I've never been a great reader of Westerns, and I'd find it hard to say what attracted me to this book in the first place, but I'm really glad I tried it.
Set in 1864, against a background of the US Civil War, this is the story of Sister Thomas Josephine, a nun sent on the dangerous journey West to join a convent in Sacramento. When the waggon train she is travelling with is attacked, she is abducted by the notorious outlaw Abraham C Muir. The two are a mismatched pair, but as they bicker their way through the wilderness, a real friendship seems to form between them. Will it survive brushes with the law, hunger and cold, and the rapacious spirit of greed abroad in the Frontier towns?
Forced by circumstances to take up arms, Thomas Josephine finds her beliefs challenged and is forced to take up arms. As the "Six-gun Sister" she becomes a terror across the west - and has a bounty set upon her head. With every shooting, every encounter with law or army (whether North or South) it seems less likely she will be able to find peace and security as she wishes, still less the life of prayer and good works that she has been trained for.
The book was fun to read, has a relentless, page-turning rhythm and, as the blurb promises, serves up cliff-hanger after cliff-hanger.

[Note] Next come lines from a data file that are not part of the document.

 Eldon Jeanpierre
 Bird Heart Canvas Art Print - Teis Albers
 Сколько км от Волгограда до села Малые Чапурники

Perhaps a little too much so - it's not long before the reader knows full well that Thomas Josephine will escape (more or less) intact from every dire situation. While this diminishes the tension somewhat, Holborn has set out a broad enough canvas that he's continually able to find something to surprise with and as the book draws to its climax we begin to learn what has really been going on and how what seem like random, picaresque adventures have something of a guiding hand behind them.

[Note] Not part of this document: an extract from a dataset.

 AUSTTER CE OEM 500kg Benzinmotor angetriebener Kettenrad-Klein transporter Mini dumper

This isn't a book for the squeamish: there's a great deal of violence (visited on both guilty and innocent alike) and the most pleasant seeming of characters can turn rapidly bad. Thomas Josephine is at the centre of things, both morally and in terms of action, struggling to keep her vision alive, to walk in right paths and to escape the notoriety that has engulfed her (girls in the towns she passes through are soon playing at being the Sister). How far she achieves this is unclear, but the ending feels right for the spirit of the book.